══ Records supplied ══

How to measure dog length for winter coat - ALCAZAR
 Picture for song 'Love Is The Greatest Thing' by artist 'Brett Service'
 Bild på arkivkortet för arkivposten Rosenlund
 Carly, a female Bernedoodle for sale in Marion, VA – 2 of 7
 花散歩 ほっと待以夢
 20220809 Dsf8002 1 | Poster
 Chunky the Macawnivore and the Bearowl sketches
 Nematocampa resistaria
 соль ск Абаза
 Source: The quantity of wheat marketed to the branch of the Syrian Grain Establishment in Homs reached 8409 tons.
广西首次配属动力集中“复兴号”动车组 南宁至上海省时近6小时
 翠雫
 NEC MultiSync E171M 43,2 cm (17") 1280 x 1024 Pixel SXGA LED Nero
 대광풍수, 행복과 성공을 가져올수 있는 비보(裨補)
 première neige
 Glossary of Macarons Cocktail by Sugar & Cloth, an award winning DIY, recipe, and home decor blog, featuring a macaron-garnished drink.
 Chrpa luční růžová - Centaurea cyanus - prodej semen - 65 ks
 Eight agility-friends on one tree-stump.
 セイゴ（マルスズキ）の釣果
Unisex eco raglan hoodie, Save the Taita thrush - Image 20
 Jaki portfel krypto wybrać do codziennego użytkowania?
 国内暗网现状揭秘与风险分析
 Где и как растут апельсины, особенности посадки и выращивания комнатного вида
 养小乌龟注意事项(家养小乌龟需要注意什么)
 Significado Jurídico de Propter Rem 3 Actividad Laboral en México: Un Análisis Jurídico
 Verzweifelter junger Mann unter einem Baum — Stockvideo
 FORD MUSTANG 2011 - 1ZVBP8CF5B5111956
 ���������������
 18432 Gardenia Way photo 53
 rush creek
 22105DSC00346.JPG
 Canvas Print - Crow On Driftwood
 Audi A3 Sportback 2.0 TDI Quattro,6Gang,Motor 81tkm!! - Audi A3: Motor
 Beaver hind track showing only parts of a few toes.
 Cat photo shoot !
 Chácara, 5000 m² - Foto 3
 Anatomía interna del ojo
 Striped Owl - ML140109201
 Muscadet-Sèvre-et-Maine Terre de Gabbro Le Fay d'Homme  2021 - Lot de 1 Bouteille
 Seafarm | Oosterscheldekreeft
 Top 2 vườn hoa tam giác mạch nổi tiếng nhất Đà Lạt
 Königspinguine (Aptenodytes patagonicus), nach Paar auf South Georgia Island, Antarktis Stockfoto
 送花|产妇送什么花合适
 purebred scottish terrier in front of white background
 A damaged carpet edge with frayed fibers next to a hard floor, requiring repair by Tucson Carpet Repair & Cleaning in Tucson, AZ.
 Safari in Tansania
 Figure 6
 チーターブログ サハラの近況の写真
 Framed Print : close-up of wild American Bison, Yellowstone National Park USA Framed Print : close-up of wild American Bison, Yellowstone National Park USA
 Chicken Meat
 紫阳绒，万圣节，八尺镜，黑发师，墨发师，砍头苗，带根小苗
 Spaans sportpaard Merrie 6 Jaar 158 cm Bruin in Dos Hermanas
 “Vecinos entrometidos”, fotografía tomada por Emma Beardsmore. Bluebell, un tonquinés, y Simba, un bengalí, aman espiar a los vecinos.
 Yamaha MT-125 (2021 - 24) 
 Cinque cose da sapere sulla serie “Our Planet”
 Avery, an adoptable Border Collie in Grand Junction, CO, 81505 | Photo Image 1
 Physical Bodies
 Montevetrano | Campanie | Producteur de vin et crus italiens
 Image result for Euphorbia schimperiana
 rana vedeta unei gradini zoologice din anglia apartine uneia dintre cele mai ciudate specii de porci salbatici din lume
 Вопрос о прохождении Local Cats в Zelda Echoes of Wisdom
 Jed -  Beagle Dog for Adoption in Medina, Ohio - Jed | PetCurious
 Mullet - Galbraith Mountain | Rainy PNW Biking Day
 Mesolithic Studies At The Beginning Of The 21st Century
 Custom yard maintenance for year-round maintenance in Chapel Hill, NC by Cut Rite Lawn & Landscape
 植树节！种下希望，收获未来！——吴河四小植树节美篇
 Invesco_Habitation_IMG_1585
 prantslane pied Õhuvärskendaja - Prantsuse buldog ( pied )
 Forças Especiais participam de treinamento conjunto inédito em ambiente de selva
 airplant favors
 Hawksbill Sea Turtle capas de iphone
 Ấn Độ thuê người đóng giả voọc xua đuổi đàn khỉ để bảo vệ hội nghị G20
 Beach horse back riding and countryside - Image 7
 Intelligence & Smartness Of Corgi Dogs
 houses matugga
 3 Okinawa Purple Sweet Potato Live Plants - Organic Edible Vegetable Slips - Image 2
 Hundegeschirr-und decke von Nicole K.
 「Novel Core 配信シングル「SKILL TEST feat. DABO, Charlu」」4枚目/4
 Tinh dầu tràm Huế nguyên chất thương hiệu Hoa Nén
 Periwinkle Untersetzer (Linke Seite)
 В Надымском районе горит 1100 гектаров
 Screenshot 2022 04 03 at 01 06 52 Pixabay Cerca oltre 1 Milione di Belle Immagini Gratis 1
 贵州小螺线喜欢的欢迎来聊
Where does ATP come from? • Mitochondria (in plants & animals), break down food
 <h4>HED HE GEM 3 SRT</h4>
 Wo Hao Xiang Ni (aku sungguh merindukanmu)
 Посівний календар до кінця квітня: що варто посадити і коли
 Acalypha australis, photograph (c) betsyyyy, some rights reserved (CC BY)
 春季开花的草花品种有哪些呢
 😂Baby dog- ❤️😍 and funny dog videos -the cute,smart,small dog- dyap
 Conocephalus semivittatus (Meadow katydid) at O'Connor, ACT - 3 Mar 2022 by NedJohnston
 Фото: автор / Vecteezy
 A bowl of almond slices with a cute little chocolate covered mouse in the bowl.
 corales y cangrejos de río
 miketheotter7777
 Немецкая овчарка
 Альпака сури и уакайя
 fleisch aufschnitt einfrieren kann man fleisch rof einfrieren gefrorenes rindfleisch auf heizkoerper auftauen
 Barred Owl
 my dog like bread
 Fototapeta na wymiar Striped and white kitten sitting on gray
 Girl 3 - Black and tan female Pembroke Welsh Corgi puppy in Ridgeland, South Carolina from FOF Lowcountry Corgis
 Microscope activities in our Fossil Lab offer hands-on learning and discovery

═══

▶ Task goal: Take the records above and return, word for word, only the lines that fall from the line with "3 Okinawa Purple" to the line with "В Надымском районе горит 1100 гектаров", both of them included.

▶ Response to the task:
 3 Okinawa Purple Sweet Potato Live Plants - Organic Edible Vegetable Slips - Image 2
 Hundegeschirr-und decke von Nicole K.
 「Novel Core 配信シングル「SKILL TEST feat. DABO, Charlu」」4枚目/4
 Tinh dầu tràm Huế nguyên chất thương hiệu Hoa Nén
 Periwinkle Untersetzer (Linke Seite)
 В Надымском районе горит 1100 гектаров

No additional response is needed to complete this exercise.